Protohadros Temporal range: Late Cretaceous, Cenomanian PreꞒ Ꞓ O S D C P T J K Pg N

Scientific classification
- Kingdom: Animalia
- Phylum: Chordata
- Class: Reptilia
- Clade: Dinosauria
- Clade: †Ornithischia
- Clade: †Ornithopoda
- Superfamily: †Hadrosauroidea
- Clade: †Hadrosauromorpha
- Genus: †Protohadros Head, 1998
- Type species: †Protohadros byrdi Head, 1998

= Protohadros =

Extinct genus of dinosaurs

Protohadros (meaning "first hadrosaur") is a genus of basal hadrosauroid dinosaur from the early Late Cretaceous (Cenomanian stage, approximately 100-93.9 million years ago) of what is now Texas, United States. It is represented by the species Protohadros byrdi, known from a partially complete skull and associated postcranial remains recovered from the Woodbine Formation. Protohadros was one of the earliest derived hadrosaurs in North America.

== History of Discovery ==
Gary Byrd, a part-time palaeontologist, discovered some remains of this euornithopod (ribs and an ungual) during early 1994 at Flower Mound, Denton County, north-central Texas. He informed professional palaeontologist Yuong-Nam Lee of the find, who arranged for the entire preserved fossil to be excavated. It was first reported upon in 1996 by Jason Head of the Dedman College of Humanities and Sciences, Southern Methodist University. The type species Protohadros byrdi was described and named by Head in 1998. The genus name is derived from Greek πρῶτος, protos, "first", en ἁδρός, hadros, "thick", a reference to the fact that Head considered the species the oldest known hadrosaur. The specific name honours Byrd.

The holotype, specimen SMU 74582, of Protohadros, was found in the Woodbine Formation, which dates to the middle Cenomanian. It consists of a partial skull, pieces of ribs, a hand ungual and a neural arch. In 1997 Lee named possible tracks of Protohadros as the ichnospecies Caririchnium protohadrosaurichnos.

This discovery also had larger implications. Before Protohadros, many researchers leaned toward an Asian origin for hadrosaurids. But the presence of such an early and basal form in North America suggested that a North American origin was just as plausible, if not equally supported.

== Description ==
Protohadros was a medium-sized ornithopod, with an estimated skull length exceeding 70 cm and a total body length likely in the range of 6–8 meters. It is diagnosed primarily by the presence of a ventrally deflected muzzle, formed by a deep and robust predentary and a rostrally expanded, downward-curving dentary. This configuration produces a strongly downturned snout, a feature not seen in other hadrosaurids and interpreted as functionally significant. The taxon is further characterized by a strongly bilobate articulation between the jugal and maxilla, as well as elongate rostral processes of the maxilla, both of which contribute to its distinct cranial morphology.

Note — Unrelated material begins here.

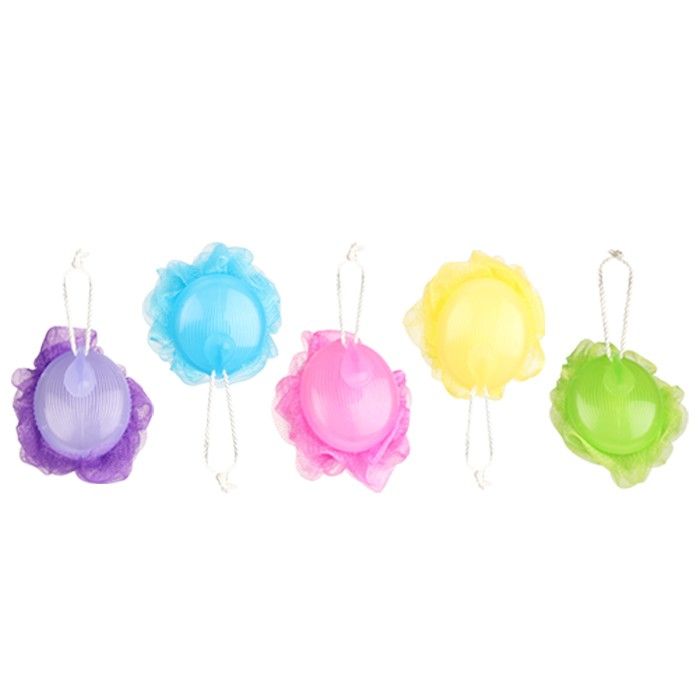 Buy Ministry of Makeup Loofah with handle grip colour/shape/size may vary - Purplle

The premaxilla forms a broad, expanded beak. It lacks teeth, as in other hadrosaurs, and shows a slightly rugose (textured) surface along the oral margin. The ascending process extends upward and curves back over the snout, contributing to the narial region. The beak itself is not recurved like in later hadrosaurs, which is one of those subtle primitive traits that stands out when you compare it closely. The maxilla is large and elongated, with prominent rostral processes and a well-developed dorsal process. It houses a dental battery with about 36 tooth positions, already showing the beginnings of the complex chewing system hadrosaurs are known for. One of the key features here is the maxillopalatal unit, which is more derived than in earlier iguanodontians. The jugal is relatively gracile compared to later hadrosaurs. It retains a contact with the ectopterygoid, which is considered a primitive trait lost in more derived hadrosaurids. The lower jaw is massive and deep, particularly toward the front. The predentary and dentary are robust and expanded, giving the snout a downturned, ventrally deflected shape. The postcranial remains are fragmentary but include ribs, vertebrae, limb elements, and parts of the hyoid apparatus. The ungual is said to be large and wide.

== Paleobiology ==
The maxillopalatal region is already derived, allowing more efficient chewing. The quadrate remains primitive, indicating that full cranial kinesis had not yet evolved. Instead of feeding at mid-height like some iguanodontians, the downward muzzle shape indicates that Protohadros was likely specializing in low-growing plants, probably in floodplains or deltaic vegetation zones. It could have also eaten aquatic vegetation.